=== EXERCISE REQUIREMENTS ===
Search the records for the string "Fashion" and return each line that has it.

Short web captions
=== Section Start ===

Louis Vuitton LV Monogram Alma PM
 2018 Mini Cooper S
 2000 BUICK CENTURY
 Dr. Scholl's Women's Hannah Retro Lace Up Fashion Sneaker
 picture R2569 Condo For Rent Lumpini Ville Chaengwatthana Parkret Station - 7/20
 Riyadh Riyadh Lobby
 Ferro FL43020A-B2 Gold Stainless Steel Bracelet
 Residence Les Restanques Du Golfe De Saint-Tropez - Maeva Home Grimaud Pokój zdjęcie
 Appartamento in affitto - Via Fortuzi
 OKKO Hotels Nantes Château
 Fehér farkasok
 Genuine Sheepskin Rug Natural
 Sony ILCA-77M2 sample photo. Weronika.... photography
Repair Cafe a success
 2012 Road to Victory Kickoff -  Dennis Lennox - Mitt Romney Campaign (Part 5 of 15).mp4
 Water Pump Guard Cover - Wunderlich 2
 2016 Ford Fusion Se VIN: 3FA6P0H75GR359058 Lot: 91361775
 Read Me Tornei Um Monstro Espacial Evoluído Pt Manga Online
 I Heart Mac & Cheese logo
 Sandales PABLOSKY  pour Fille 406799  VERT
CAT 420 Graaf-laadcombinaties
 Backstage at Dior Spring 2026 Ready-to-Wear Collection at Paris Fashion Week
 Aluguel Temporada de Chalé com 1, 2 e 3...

=== Section End ===

=== RESULT OF THIS EXERCISE ===
 Dr. Scholl's Women's Hannah Retro Lace Up Fashion Sneaker
 Backstage at Dior Spring 2026 Ready-to-Wear Collection at Paris Fashion Week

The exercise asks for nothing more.